CHAMPAIGN, Ill. — The Super Bowl will feature car ads, beer ads, food ads – but probably none for carrots. Most food ads, game time or anytime, are pitching less-healthy fare.
Kids are often the target. Do they understand what an ad is? Who made it and why?
It’s basic “advertising literacy,” and yet it’s missing for too many children at a vulnerable age, according to a University of Illinois researcher who implemented a third-grade ad literacy curriculum for the Waukegan, Illinois, public schools and recently published a study on its effect.
Advertising professor Michelle Nelson sought to design a curriculum that incorporated nutrition along with math, language, arts and ad making – some of those ads selling kids on carrots.
In testing beforehand, Nelson was surprised to find that a third or fewer students understood the selling intent behind advertising (who made it and why), the target audience, or the tactics used to persuade. But she also learned that even a few hours of ad literacy instruction could make a significant difference, roughly doubling students’ awareness in key areas.
Nelson teaches advertising students and sees the value of ads for providing information and entertainment in the marketplace. Advertising also seeks to persuade, however, and the playing field between the ad makers and their audience is not always level, especially where children are involved or when new forms of persuasion emerge, she said.
“I think that all audiences should be able to recognize when they’re being persuaded. They should be able to recognize something is an ad,” she said. “The fact that many of these students didn’t seem to have even that level of understanding makes them more vulnerable, I suspect, to persuasive messages.”
Nelson described her project and the results in an article for the Journal of Advertising, considered a flagship journal in the field. The article was published online and is scheduled for a print issue of the journal later this year.
Her partner on the project was Dale Kehr, a U. of I. Extension educator for Lake and McHenry counties. The curriculum was taught and tested in spring 2014 by the regular teachers in six third-grade classrooms, with four other classrooms used as controls – their students tested, but without the instruction.
The curriculum was developed in part to fulfill nutrition curriculum requirements for a federal grant the school district received to address childhood obesity.
Many school programs have been developed to address that issue, focusing on nutrition, Nelson said. This curriculum also teaches those lessons, but through the lens of advertising, giving kids needed tools for processing the vast majority of food ads pitching fast food, soft drinks and other less-healthy options.
“Those are the ads that we see the most and so they’re sort of top of mind,” Nelson said. “The advertising dollars for fruits and vegetables are really tiny.”

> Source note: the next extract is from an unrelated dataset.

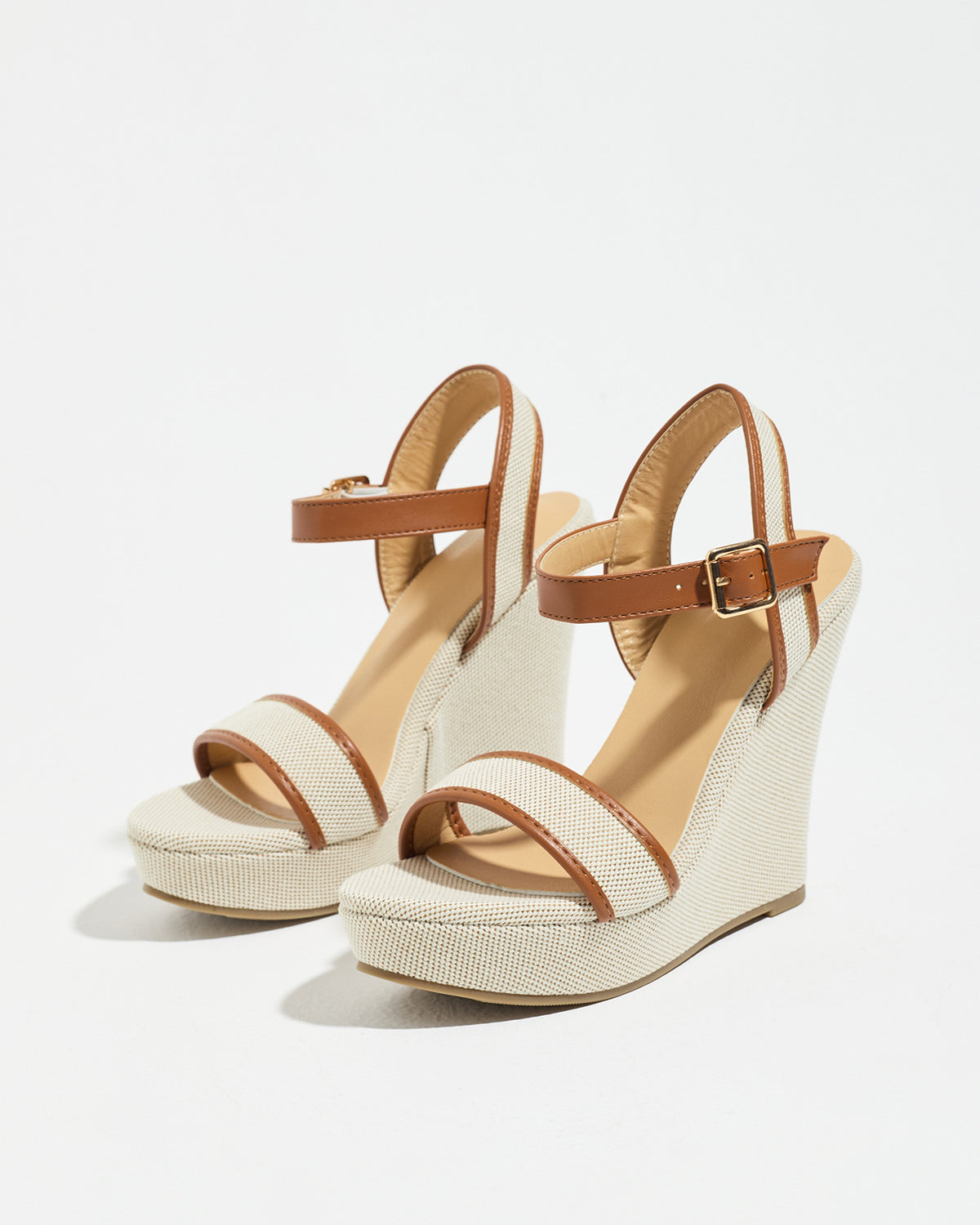 Mescini brown canvas platform wedge sandals, angled view of the pair on white, US women's sizes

The curriculum teaches kids to think critically about what they’re seeing and not seeing in ads. In one exercise, for instance, they examine claims on the front of the cereal box and see where they don’t pan out on the nutrition label.
But Nelson thinks it’s also important to have kids make ads to better understand the process and incorporate the lessons through doing – learning about advertising from the inside out. “In this day and age of media, you want kids to be media creators and engage with media, not just deal with it passively,” she said.
As part of her program with the Waukegan Public Schools, Nelson also conducted advertising literacy workshops in spring 2015 for teachers at all grade levels. Some of those teachers then developed their own food-focused lessons, she said.
Students made posters selling the benefits of fruits and vegetables. They gathered research, studied their target audience (mostly the kids in class), developed a message and an image. Some classes hung their posters in school lunchrooms. One teacher combined the exercise with a science project growing fruits and vegetables, and then asked the students to make advertisements for their produce.
“I feel this is a more authentic and true picture of advertising literacy – beyond simply identifying the advertisement,” Nelson said. “It shows them that this is how ads are made, this is who makes them, this is why.”
Nelson and her collaborators have collected a variety of materials from the classes, along with other resources, onto a public website titled “Making Media for a Healthier U” at http://makingmedia.media.illinois.edu. Included are links to media literacy programs developed in Canada and the United Kingdom, which Nelson thinks are more advanced than anything she has seen in the U.S.
The curriculum is not being taught this school year, but Nelson is continuing to work with the school district to further develop the project.